Questions and answers
WHO report on the global tobacco epidemic, 2011
Question: What is the outlook for tobacco control?
Answer: Again, if current trends persist, tobacco use could kill 8 million people each year by 2030. But, actions by governments and society could blunt the tobacco epidemic's advance. We know what policies work to control tobacco. Again, more political will is essential.
That said, it is likely that, over time, WHO's surveillance of the tobacco epidemic will continue to show that more people are being protected from second-hand smoke, helped to quit and adequately warned about the dangers of tobacco use, and that more governments will implement and enforce total bans on tobacco advertising, promotion and sponsorship and require higher taxes at rates that would effectively deter significant numbers of people from using tobacco.
WHO Director-General Margaret Chan's belief that "we hold in our hands the solution to the global tobacco epidemic" remains as true today as when she expressed it three years ago. Reversing the entirely preventable epidemic of tobacco must be a top public health priority.
Question: What is the basis of your optimism that a significant dent can be made in the tobacco epidemic?
Answer: We have formidable tools with which to resist. Foremost is the WHO Framework Convention and its guidelines, which provide the foundation for countries to implement and manage tobacco control.
To help the Parties meet their commitments under the treaty, WHO provides them with technical assistance, including the MPOWER package of tobacco control measures.
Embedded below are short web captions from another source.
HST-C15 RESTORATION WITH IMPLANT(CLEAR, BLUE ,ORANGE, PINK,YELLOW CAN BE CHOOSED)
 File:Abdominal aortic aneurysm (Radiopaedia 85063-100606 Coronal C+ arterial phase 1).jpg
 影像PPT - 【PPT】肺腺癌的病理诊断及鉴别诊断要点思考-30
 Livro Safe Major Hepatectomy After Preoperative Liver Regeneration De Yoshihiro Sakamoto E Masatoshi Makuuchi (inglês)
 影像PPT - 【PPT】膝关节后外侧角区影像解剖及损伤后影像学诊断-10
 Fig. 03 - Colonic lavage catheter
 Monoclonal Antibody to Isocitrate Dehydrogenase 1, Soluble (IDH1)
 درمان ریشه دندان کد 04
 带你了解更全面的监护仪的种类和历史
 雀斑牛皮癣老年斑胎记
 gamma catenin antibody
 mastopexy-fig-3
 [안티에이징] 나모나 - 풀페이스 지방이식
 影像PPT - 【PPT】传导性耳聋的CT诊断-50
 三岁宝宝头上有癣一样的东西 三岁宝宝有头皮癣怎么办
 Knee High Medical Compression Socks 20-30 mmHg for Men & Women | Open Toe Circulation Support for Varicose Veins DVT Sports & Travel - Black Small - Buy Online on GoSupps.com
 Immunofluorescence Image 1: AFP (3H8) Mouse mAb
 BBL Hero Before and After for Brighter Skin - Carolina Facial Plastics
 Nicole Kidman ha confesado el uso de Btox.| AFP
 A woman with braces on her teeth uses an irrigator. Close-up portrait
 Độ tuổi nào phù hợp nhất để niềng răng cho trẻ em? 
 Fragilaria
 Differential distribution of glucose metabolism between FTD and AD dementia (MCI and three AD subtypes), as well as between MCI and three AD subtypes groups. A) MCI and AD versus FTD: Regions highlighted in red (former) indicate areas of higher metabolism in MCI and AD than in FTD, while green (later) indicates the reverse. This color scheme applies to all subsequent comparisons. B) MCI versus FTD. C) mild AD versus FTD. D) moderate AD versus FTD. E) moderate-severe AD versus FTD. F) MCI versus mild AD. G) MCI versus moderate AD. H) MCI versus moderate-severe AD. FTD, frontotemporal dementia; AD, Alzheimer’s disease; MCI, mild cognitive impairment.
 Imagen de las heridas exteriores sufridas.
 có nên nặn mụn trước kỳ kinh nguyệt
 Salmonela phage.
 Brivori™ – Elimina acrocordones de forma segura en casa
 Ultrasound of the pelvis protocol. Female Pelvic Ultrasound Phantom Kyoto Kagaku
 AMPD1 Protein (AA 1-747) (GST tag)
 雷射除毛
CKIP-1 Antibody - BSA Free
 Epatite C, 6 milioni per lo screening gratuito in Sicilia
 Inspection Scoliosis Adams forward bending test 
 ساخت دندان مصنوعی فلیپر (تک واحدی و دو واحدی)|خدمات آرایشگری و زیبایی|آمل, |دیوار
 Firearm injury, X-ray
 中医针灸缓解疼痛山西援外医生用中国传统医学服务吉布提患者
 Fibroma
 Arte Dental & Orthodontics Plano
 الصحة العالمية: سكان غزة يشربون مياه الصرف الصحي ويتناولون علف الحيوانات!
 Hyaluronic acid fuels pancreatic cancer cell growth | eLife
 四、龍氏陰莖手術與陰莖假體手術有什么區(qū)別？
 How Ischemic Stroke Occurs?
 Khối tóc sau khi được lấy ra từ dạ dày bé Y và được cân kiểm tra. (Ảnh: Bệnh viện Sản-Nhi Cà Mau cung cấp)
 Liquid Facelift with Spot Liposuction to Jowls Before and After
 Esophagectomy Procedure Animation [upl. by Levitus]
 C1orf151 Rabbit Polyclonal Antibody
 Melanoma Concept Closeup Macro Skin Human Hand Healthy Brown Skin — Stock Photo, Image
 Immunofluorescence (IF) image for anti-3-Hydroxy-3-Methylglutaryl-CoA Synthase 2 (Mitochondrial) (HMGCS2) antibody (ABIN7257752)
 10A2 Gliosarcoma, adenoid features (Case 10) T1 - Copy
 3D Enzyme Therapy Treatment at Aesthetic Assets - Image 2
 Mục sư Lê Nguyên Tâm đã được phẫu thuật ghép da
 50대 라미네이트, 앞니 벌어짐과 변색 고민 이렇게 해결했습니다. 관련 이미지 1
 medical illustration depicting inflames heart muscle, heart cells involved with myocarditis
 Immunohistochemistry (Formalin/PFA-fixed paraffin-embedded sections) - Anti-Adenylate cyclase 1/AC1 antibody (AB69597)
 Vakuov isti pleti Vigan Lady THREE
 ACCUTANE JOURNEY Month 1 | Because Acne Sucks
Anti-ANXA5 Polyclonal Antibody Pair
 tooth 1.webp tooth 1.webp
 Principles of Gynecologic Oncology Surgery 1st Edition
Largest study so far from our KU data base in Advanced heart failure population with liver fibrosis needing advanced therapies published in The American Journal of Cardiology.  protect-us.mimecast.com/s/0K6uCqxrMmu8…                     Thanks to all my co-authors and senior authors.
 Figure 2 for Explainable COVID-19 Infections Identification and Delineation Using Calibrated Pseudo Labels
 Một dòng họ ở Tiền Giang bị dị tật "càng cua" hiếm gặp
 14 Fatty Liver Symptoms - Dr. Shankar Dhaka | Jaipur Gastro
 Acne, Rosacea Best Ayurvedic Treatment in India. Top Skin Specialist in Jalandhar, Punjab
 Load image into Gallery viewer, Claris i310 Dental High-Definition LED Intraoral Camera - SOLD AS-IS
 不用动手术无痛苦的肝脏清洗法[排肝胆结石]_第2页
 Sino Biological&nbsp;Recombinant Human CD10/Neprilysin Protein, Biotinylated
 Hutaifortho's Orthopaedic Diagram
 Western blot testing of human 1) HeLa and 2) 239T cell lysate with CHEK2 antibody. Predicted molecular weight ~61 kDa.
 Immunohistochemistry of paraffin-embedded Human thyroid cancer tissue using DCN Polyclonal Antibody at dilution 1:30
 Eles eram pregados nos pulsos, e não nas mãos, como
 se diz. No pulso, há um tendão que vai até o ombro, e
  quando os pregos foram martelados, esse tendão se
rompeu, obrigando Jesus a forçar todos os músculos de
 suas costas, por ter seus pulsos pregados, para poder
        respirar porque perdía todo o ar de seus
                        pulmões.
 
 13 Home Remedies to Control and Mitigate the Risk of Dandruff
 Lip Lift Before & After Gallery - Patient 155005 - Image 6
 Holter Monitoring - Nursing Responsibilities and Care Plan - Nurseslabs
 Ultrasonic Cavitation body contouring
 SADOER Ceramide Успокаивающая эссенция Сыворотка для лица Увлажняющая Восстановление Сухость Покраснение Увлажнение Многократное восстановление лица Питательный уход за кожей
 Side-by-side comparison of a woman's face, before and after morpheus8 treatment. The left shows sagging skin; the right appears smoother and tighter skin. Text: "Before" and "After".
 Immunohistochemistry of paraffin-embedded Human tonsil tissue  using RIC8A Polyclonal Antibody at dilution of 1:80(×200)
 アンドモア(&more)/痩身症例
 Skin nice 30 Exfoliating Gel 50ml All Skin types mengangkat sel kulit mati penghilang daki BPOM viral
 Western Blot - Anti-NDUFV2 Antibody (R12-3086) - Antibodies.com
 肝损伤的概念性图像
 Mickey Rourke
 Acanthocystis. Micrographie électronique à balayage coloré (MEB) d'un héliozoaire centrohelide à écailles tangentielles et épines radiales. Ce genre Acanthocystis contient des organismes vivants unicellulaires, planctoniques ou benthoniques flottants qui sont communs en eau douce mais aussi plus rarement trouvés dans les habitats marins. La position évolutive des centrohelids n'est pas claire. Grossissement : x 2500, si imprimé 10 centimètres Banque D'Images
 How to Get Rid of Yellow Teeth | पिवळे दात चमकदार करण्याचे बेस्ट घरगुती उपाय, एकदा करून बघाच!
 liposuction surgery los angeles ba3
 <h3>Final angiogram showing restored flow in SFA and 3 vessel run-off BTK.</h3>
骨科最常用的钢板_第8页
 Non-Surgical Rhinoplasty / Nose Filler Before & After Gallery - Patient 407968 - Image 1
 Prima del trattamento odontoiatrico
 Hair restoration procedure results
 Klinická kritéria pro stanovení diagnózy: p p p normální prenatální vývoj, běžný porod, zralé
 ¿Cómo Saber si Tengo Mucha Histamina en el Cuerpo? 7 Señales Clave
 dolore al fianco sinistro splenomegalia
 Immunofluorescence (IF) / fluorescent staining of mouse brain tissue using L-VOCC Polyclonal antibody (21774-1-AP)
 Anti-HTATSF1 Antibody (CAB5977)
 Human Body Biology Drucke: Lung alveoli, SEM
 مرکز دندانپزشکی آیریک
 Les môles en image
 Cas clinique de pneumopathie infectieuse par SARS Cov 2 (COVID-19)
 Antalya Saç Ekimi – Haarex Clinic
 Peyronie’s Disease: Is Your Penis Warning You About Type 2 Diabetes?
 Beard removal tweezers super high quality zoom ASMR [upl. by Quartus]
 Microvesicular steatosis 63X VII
Not to be underestimated is the great momentum that tobacco control efforts have gained in recent years. In some respects, the fight against tobacco has only just begun. Political will is increasing – not fast enough, but the trend is positive. Although tobacco control efforts remain underfunded, more money is being made available, much of it from private sources such as Bloomberg Philanthropies and the Bill & Melinda Gates Foundation. New partnerships are being formed and old ones reenergized.
Awareness is growing, too, that tobacco use imposes a huge burden on society. Tobacco use is a risk factor for six of the eight leading causes of death, including cardiovascular disease, cancer and tuberculosis. It is one of the leading causes of preventable death. It breeds poverty and stifles economic development. Primary wage-earners who die in middle age of a tobacco-related heart attack or brain stroke squander their economic potential and leave their families without means to buy food, clothing, shelter, education and health care. Money spent on tobacco is money not spent on these basic necessities.
All that said, we know that the challenge is huge and that success is not guaranteed. We need to work better and smarter to achieve our long-term goals.